Performance Tuning

Beacon Query Engine Settings

This chapter focuses on practical performance knobs that are safe to tune in production.

Beacon is built on DataFusion. Most performance tuning comes down to:

How much parallelism Beacon is allowed to use (threads)
How much memory is available to the query engine before spilling to disk
Whether Beacon can avoid unnecessary IO (projection pushdown, caches)

TIP

All settings below are environment variables. See the full list in configuration.md.

CPU and concurrency

`BEACON_WORKER_THREADS`

Beacon uses this value to size its Tokio runtime (the executor that runs API requests and query work).

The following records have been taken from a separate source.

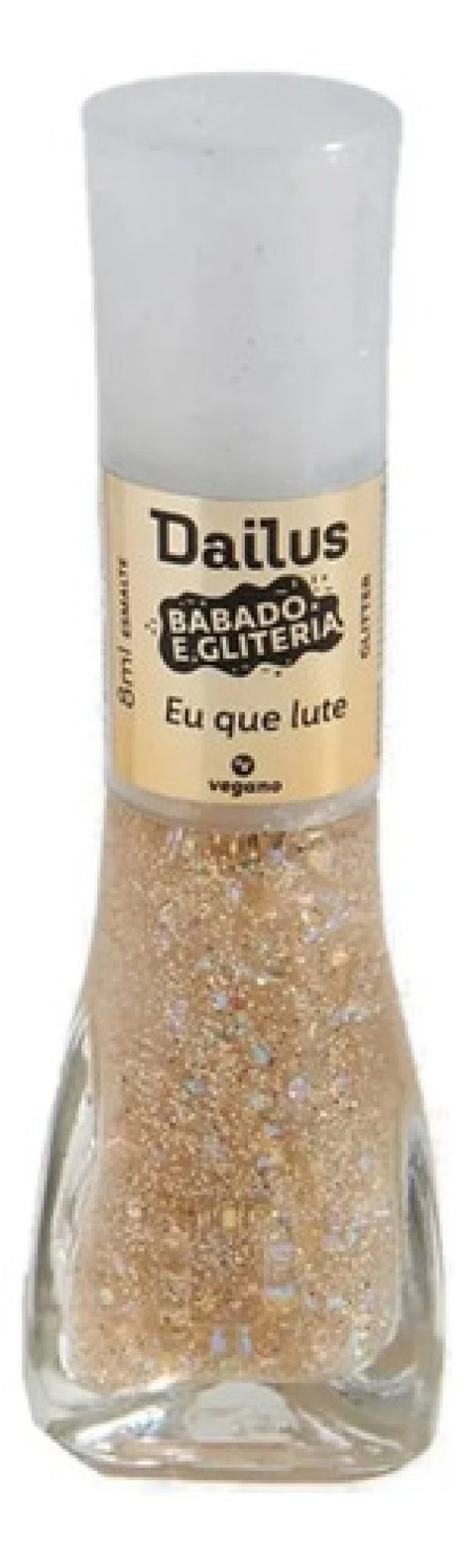 Encontraproduto.com.br - Esmalte Trava na Pose Dailus Com 8ml
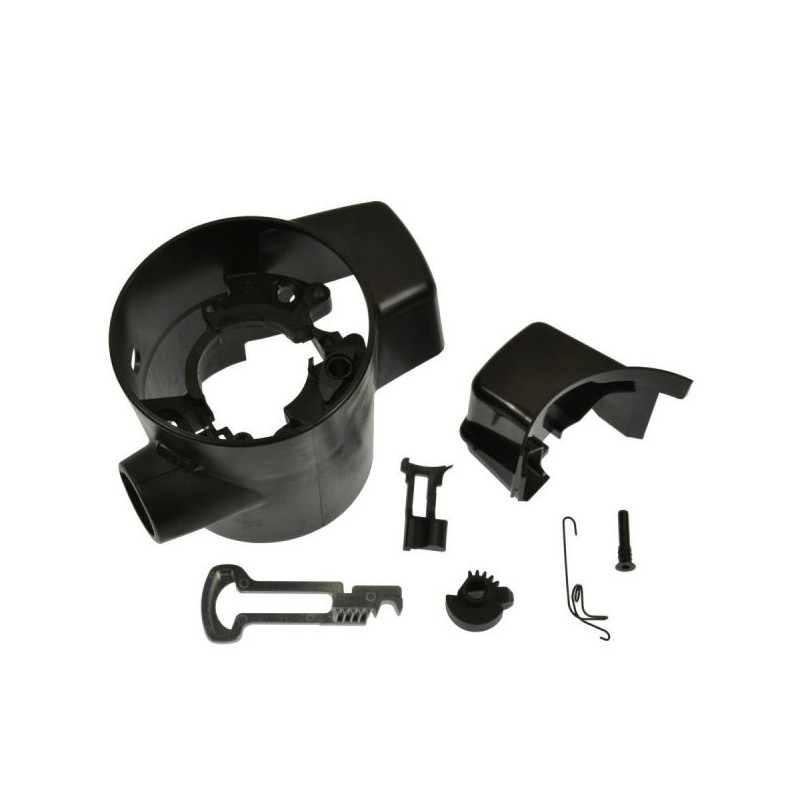 Kit scocca piantone sterzo YJ XJ 85-99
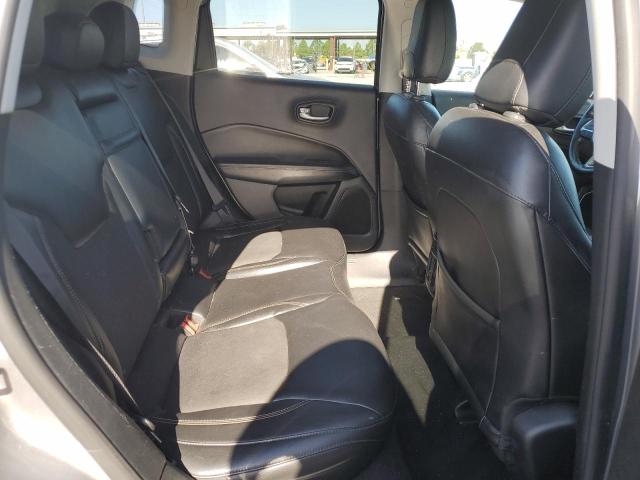2018 JEEP COMPASS LA 3C4NJCBBXJT272434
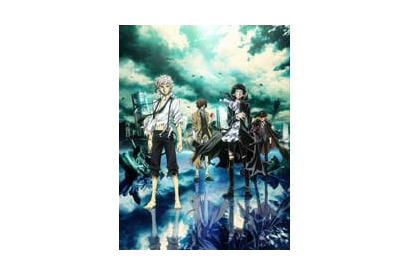 劇場公開アニメ「文豪ストレイドッグス DEAD APPLE（デッドアップル）」主題歌オープニング＆エンディングアーティストが解禁！ 画像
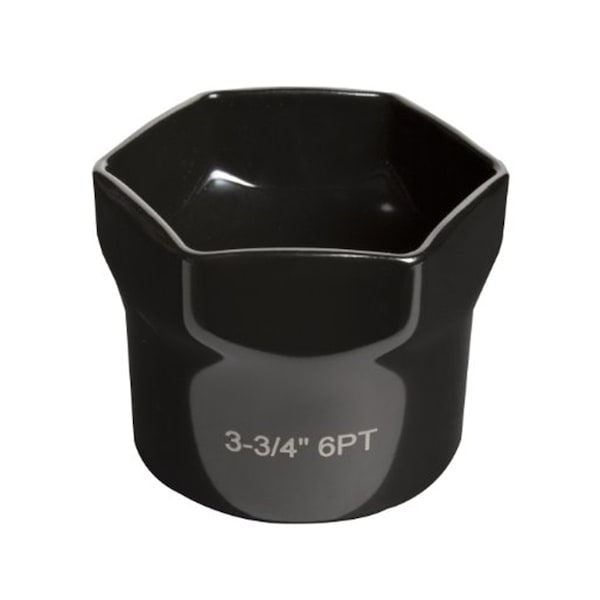 Sunex Wheel Bearing Locknut 3-3/4 6P 10623 - main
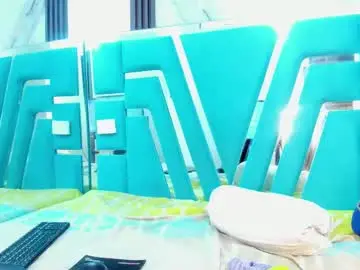 Chaturbate Live Sex of goodes_eboni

If you run Beacon on a dedicated machine, start with BEACON_WORKER_THREADS ~= number of physical cores.
If the same host also runs other heavy services, cap this to leave headroom.

For IO-heavy workloads (remote object storage, NetCDF reads over HTTP), more threads can help. For CPU-heavy workloads (aggregations, joins), scaling is limited by CPU.

Memory and disk spilling

`BEACON_VM_MEMORY_SIZE`

This controls the DataFusion memory pool size (in MB). When queries exceed this pool, DataFusion can spill to disk.

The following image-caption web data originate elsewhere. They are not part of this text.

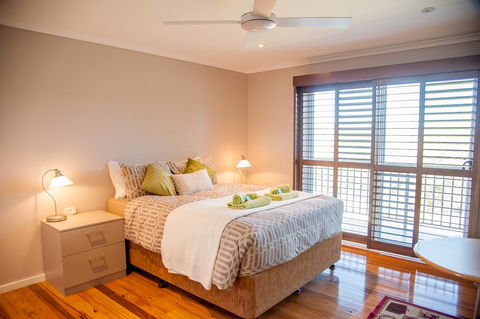 Sinclairs Country Retreat - Tourism Noosa 12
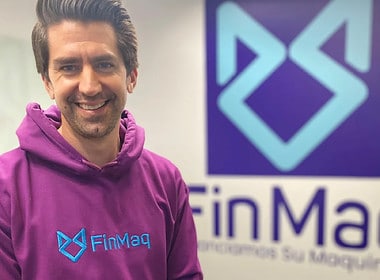 colombian fintech FinMaq
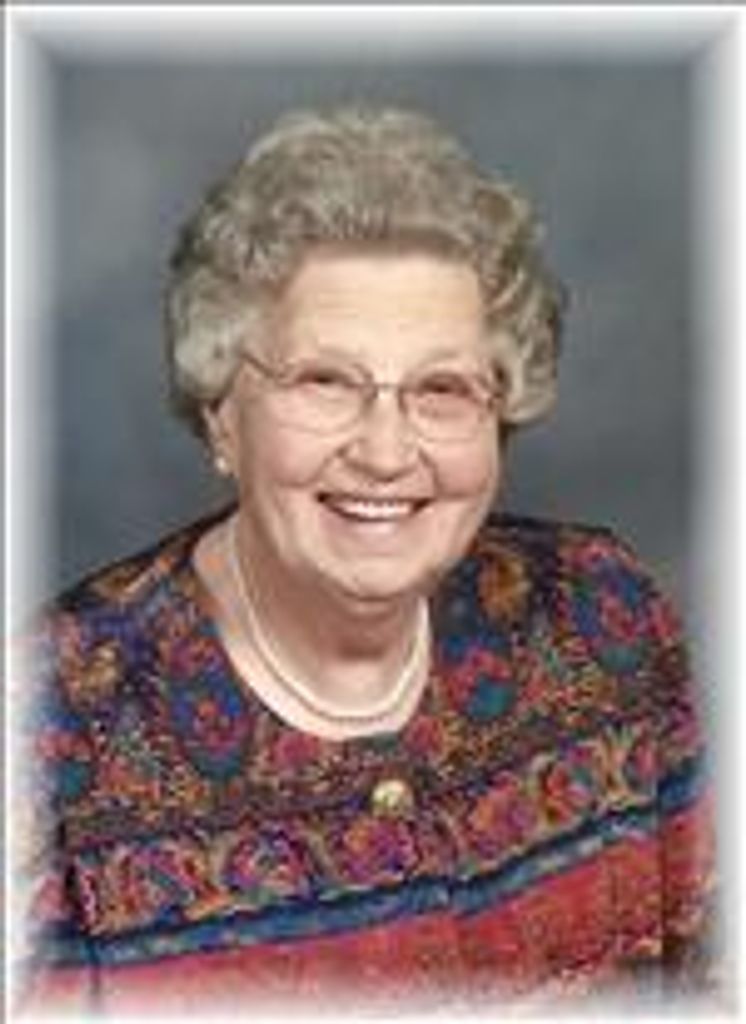 Edith S Harjo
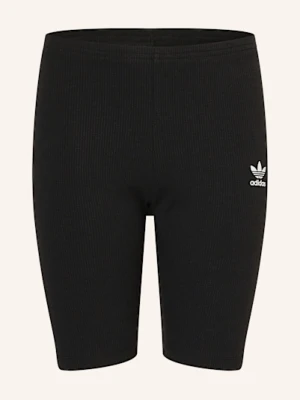Adidas Originals Szorty schwarz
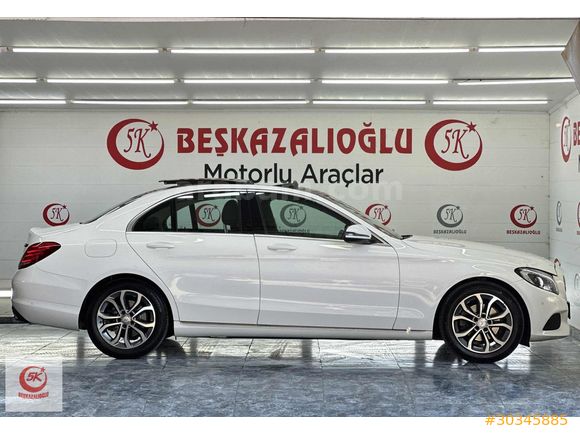 BEŞKAZALIOĞLU GÜVENCESİ İLE...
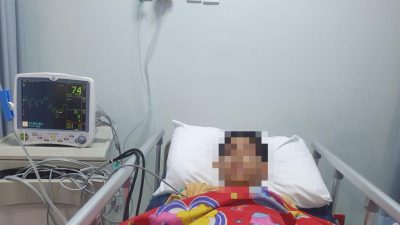 Kasus Bullying Berakhir Maut, Pelajar SMPN 19 Tangerang Selatan Meninggal Dunia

Larger values generally improve performance by reducing spill frequency.
If you see high disk activity and slow queries under load, increase this first.

WARNING

Spilling uses the OS temp area (DataFusion disk manager). For best performance, ensure your temp directory is on fast storage and has enough free space.

Avoiding unnecessary reads

`BEACON_ENABLE_PUSHDOWN_PROJECTION`

When enabled, Beacon will attempt to project only the columns referenced by your JSON query select list when building the scan.

Set to true when you frequently query “wide” datasets but only select a few columns.
Leave as false if you suspect projection bugs or you want the simplest behavior.

Query language and parsing

`BEACON_ENABLE_SQL`

SQL parsing/execution is guarded by this flag.

Set to true to allow SQL queries.
Keep false if you only use the JSON query API and want to reduce exposed surface area.

Geospatial function cache

`BEACON_ST_WITHIN_POINT_CACHE_SIZE`

Controls the cache capacity used by the ST_WithinPoint implementation.

Increase this if you run many repeated point-in-polygon style queries over similar geometries.
Reduce it if memory pressure is an issue and you don’t benefit from reuse.

Filesystem and object-store listing

`BEACON_ENABLE_FS_EVENTS`

When using local filesystem datasets, enabling filesystem events allows Beacon’s object-store layer to maintain an in-memory view of changes and avoid expensive directory rescans.

Enable (true) when datasets change frequently and you care about fast “list/search datasets” operations.
Keep disabled if you are on a platform where file watching is noisy/unsupported.

`BEACON_S3_DATA_LAKE`, `BEACON_ENABLE_S3_EVENTS`, `BEACON_S3_BUCKET`, `BEACON_S3_ENABLE_VIRTUAL_HOSTING`

These control whether Beacon uses S3-compatible object storage for datasets and how it addresses buckets.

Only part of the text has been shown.